- Identify Transfer Server repository
- Identify vCenter Server that contains the Transfer Server
- Identify the Transfer Server virtual machine
I’m not going to follow protocol on this blog post, as I want to show you the configuration steps, you will see by doing this we cover the objectives above with ease.
The Transfer Server Repository is the location for your Linked Clone Replicas (the snapshot of your original Operating System) or your Manual Desktop Pool. It’s worthwhile noting that the Transfer Server can only be used with Dedicated Desktops, not Floating Desktops.
If you are rolling with Linked Clones, then you need to Publish your Snapshot which is the base image for your Linked Clone Pool.
Couple of caveats before we move forward:
- Make sure your VM is running Hardware Version 7 (at the time of this post 8 is meant to be supported but I haven’t tested it yet).
- Make sure that your Transfer Server SCSI Controller is set to LSI Logic Parallel
The Transfer Server Repository can be a network share located on another server or NAS, or in my case it’s an extra VMDK added to the VMF-TR01.
I have already added my Transfer Server into View to make sure I had it working before I did a blog post!
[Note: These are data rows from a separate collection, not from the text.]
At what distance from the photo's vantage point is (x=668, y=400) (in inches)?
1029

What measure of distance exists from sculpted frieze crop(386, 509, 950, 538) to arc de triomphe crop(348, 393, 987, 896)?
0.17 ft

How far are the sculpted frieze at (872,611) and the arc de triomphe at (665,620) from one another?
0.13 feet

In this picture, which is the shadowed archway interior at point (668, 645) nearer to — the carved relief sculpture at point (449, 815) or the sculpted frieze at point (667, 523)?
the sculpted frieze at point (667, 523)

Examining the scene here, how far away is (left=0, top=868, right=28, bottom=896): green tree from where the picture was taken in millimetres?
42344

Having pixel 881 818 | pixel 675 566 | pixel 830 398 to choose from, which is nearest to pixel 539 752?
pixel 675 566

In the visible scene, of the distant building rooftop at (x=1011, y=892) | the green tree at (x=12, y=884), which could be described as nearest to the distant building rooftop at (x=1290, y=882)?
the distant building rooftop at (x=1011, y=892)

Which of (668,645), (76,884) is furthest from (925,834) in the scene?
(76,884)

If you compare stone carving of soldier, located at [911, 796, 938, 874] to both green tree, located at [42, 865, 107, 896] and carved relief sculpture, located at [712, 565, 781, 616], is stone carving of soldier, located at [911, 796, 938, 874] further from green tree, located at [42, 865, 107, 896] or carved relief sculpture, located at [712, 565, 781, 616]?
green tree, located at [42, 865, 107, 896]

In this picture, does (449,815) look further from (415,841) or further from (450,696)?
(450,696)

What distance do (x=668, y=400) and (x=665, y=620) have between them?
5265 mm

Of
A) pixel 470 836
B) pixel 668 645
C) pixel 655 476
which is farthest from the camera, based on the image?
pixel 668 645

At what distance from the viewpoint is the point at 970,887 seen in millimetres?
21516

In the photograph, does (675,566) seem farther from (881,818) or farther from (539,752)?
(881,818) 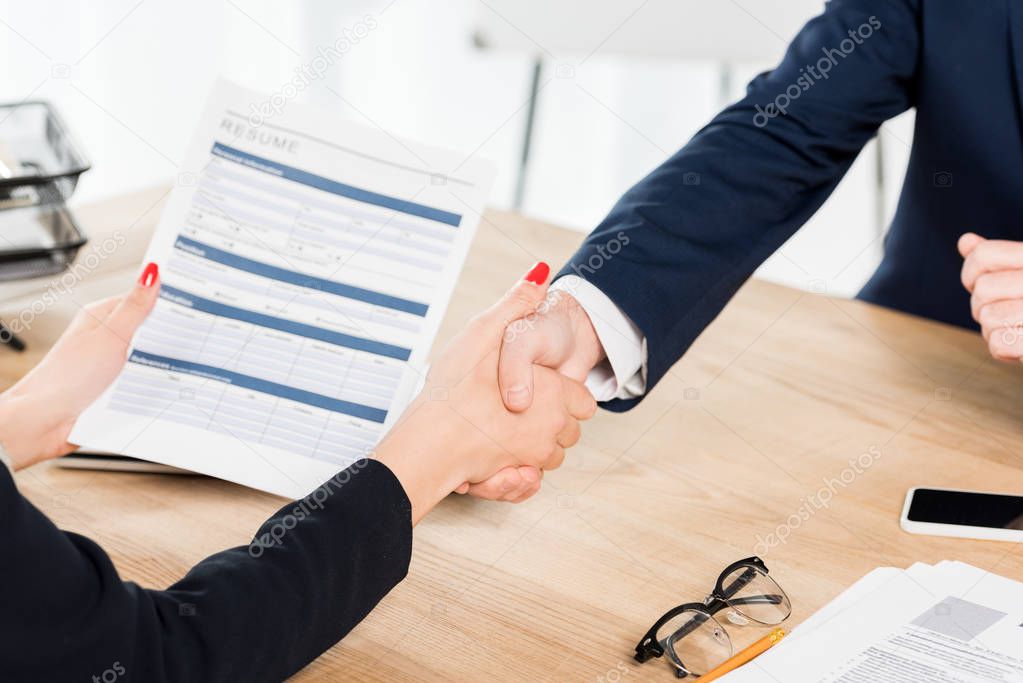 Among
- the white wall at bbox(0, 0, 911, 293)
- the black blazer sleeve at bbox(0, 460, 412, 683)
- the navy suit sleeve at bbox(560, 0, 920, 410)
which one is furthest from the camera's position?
the white wall at bbox(0, 0, 911, 293)

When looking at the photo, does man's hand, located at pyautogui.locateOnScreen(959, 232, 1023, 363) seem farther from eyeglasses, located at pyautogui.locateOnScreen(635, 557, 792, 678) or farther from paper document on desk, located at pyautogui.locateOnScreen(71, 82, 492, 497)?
paper document on desk, located at pyautogui.locateOnScreen(71, 82, 492, 497)

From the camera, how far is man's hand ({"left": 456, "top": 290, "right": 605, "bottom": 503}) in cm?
93

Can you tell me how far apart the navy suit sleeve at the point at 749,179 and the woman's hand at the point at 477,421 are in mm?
97

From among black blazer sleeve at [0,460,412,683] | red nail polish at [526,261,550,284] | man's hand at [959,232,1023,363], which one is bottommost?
black blazer sleeve at [0,460,412,683]

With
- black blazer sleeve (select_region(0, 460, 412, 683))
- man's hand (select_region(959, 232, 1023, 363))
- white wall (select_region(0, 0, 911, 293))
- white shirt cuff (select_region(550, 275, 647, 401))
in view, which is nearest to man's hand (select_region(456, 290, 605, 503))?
white shirt cuff (select_region(550, 275, 647, 401))

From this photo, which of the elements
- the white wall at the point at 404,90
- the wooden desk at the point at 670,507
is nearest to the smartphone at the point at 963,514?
the wooden desk at the point at 670,507

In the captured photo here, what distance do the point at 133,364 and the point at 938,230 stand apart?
3.22 ft

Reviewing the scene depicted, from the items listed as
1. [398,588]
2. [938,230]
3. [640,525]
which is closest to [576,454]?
[640,525]

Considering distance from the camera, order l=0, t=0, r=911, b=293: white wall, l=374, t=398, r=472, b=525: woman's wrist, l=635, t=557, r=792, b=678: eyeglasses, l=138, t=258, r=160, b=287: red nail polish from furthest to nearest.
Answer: l=0, t=0, r=911, b=293: white wall, l=138, t=258, r=160, b=287: red nail polish, l=374, t=398, r=472, b=525: woman's wrist, l=635, t=557, r=792, b=678: eyeglasses

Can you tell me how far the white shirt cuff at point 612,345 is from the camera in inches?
42.8

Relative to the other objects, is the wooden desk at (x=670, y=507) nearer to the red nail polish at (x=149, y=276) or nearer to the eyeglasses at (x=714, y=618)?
the eyeglasses at (x=714, y=618)

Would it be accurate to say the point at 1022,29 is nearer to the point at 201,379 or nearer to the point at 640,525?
the point at 640,525

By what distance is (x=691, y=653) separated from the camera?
2.47 feet

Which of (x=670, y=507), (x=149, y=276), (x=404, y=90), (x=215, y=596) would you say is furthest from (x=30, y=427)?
(x=404, y=90) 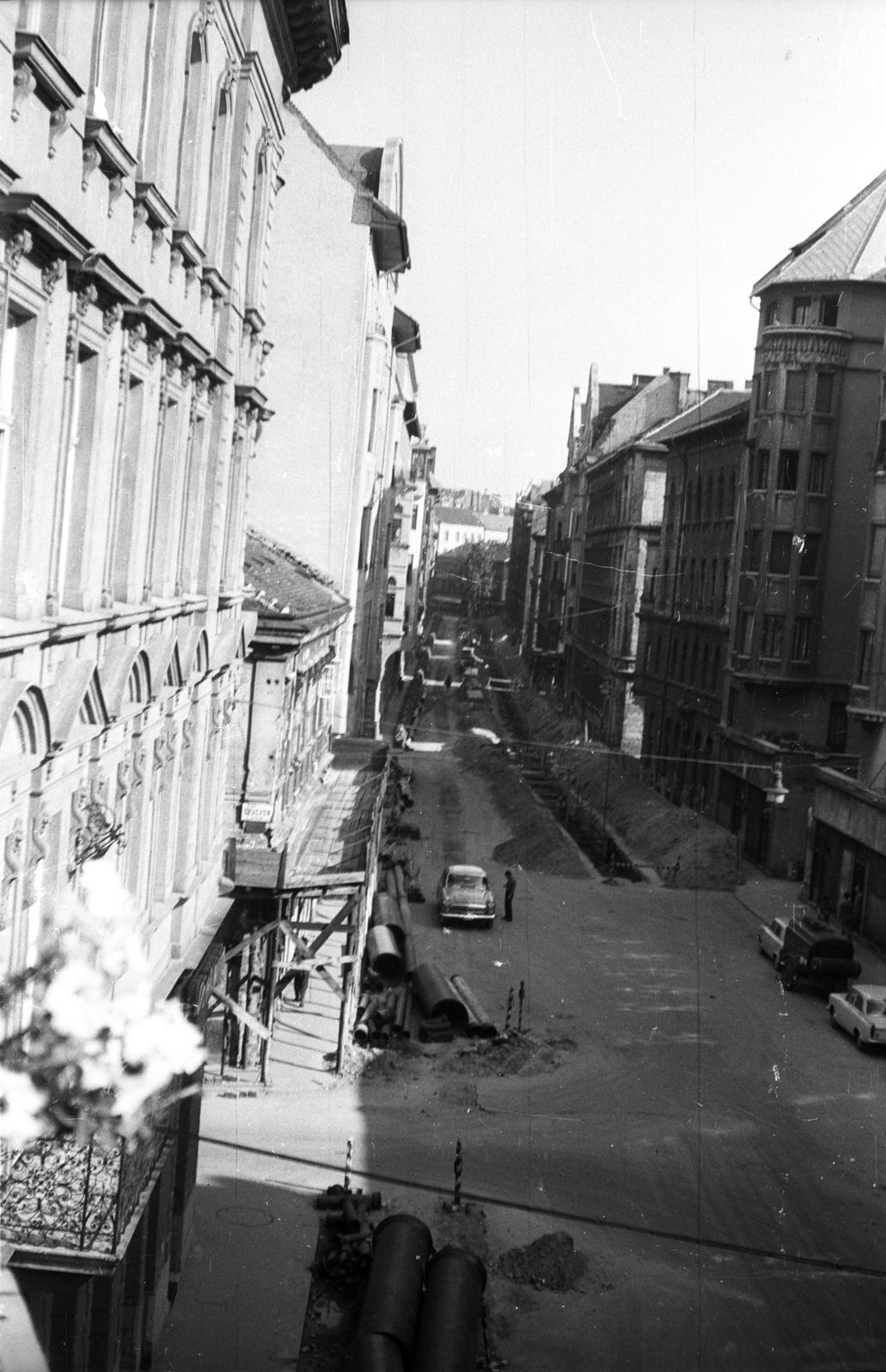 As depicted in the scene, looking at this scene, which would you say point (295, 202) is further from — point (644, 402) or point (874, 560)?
point (644, 402)

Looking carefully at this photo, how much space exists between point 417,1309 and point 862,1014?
14.5 metres

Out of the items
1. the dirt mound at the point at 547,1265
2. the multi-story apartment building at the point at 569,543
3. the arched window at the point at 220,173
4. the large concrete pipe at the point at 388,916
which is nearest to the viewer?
the arched window at the point at 220,173

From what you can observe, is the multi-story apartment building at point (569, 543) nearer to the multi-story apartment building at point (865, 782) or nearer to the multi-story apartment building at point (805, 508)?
the multi-story apartment building at point (805, 508)

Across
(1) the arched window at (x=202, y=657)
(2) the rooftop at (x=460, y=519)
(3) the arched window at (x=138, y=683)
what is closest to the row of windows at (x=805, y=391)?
(1) the arched window at (x=202, y=657)

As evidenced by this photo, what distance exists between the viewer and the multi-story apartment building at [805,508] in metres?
43.5

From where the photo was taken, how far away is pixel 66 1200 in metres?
9.44

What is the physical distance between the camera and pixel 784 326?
43656mm

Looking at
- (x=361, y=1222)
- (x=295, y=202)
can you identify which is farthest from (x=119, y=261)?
(x=295, y=202)

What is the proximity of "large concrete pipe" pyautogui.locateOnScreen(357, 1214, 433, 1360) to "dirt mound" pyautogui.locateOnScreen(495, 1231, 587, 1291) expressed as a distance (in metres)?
1.12

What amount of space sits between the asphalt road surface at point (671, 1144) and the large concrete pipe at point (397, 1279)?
114 cm

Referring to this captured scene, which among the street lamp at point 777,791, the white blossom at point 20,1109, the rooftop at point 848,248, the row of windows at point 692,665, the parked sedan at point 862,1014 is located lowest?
the parked sedan at point 862,1014

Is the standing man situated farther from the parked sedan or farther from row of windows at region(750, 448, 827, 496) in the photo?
row of windows at region(750, 448, 827, 496)

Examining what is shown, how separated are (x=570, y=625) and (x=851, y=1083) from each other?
5281cm

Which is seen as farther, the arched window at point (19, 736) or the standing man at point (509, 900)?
the standing man at point (509, 900)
However, the process to enable the Transfer Server is fairly straight forward, go to View Configuration > Servers > Transfers and Select Add and choose your vCenter Server
Select your Transfer Server from the drop down list and Click Finish
Next we need to add some images to our Repository, so click on Transfer Server Repository and Click Edit and we get an epic failure ‘the settings for the Transfer Server repository cannot be edited until all the Transfer Servers are placed into maintenance mode’.
Simple fix, we just need to do what View tells us. We need to Enter Maintenance Mode, by virtue of this, no new transfer will be able to take place, so bear this in mind in production.
Cool, now we are in Maintenance Mode, we can add an Image to our Repository. First thing we are going to do is add another HDD to our Transfer Server. You can see that I have added a 100GB VMDK Thinly Provisioned
In this instance, I have created a D: Partition called Data and a Folder named ‘TransferServerRepository’
This folder has then been shared out and I have given the Active Directory User ‘service.view’ Read, Write and Modify permissions.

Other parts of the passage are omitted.